◆ Work to be completed ◆
Leave out the pictures and retype, exactly, the lines below from the line with "Woman with lipstick" up to and including the line with "sezane light pink", nothing more.

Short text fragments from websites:
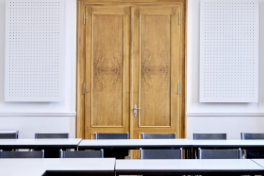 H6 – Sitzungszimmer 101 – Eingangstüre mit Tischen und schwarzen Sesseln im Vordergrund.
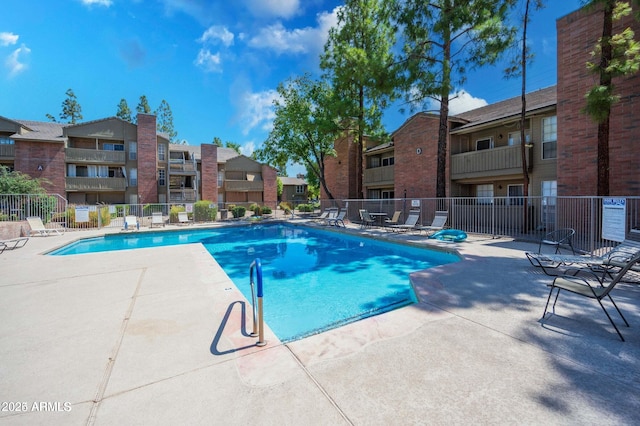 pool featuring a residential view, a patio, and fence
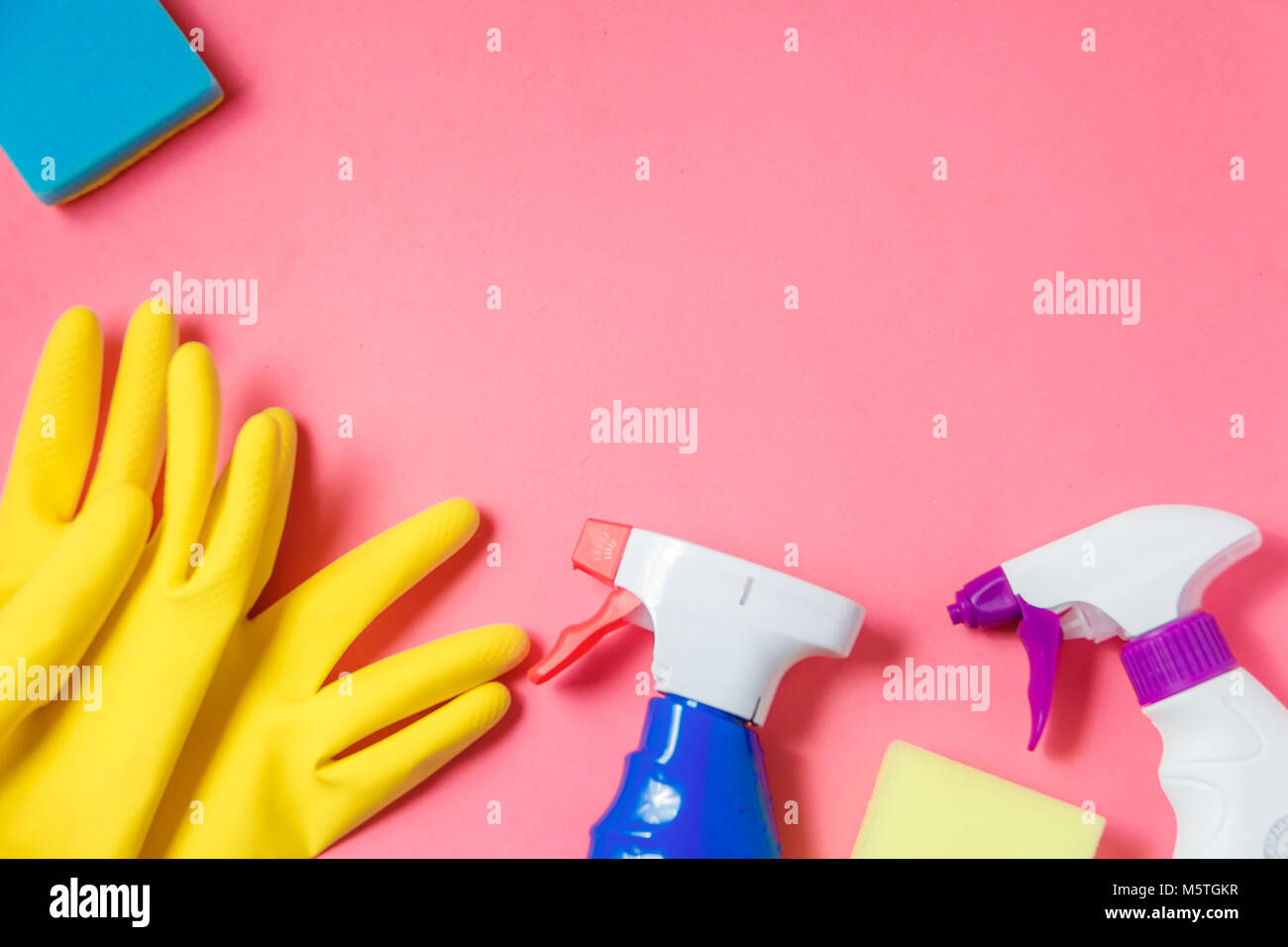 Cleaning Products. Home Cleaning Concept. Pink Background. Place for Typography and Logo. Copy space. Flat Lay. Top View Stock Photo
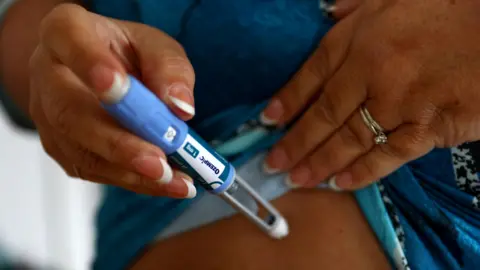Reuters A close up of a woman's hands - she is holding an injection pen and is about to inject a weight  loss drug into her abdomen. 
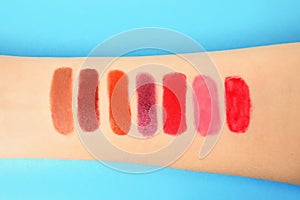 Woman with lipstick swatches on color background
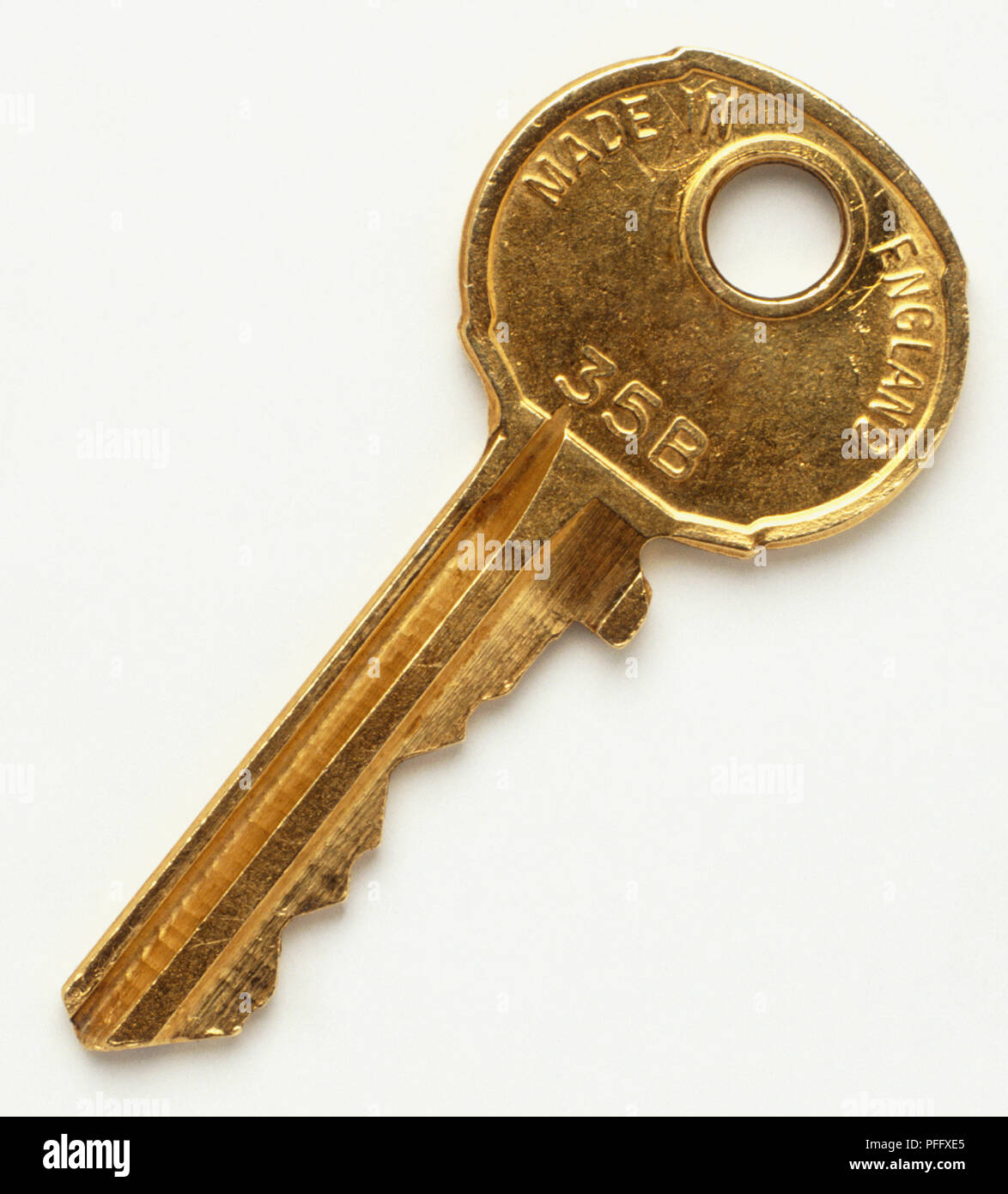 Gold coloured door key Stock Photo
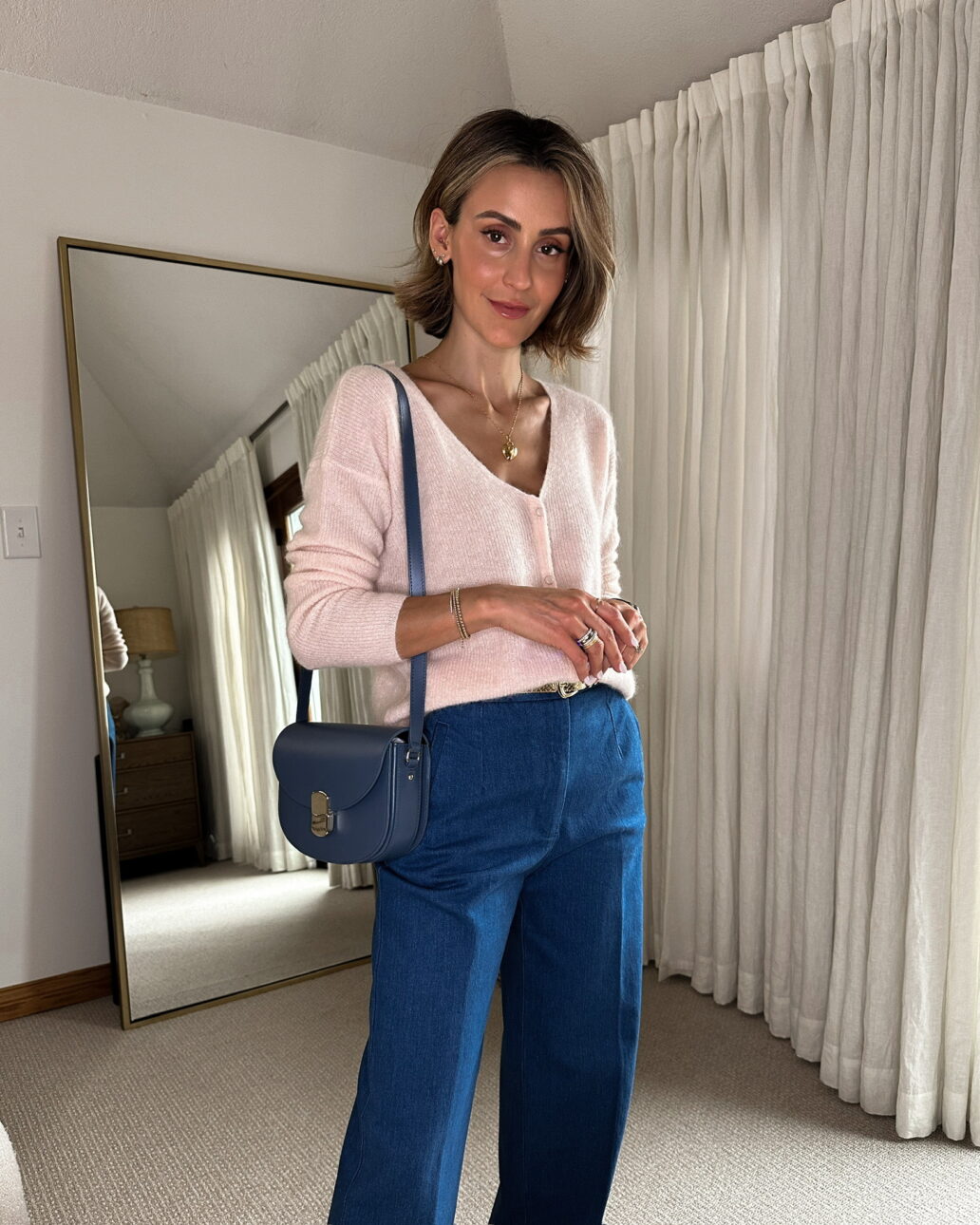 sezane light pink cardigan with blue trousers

--

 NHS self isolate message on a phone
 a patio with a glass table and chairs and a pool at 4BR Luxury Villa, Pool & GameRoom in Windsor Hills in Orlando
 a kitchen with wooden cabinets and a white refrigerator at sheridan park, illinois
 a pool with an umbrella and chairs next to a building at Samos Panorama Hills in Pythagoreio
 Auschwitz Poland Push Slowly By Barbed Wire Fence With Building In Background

◆ Solved exercise ◆
 Woman with lipstick swatches on color background
 Gold coloured door key Stock Photo
 sezane light pink cardigan with blue trousers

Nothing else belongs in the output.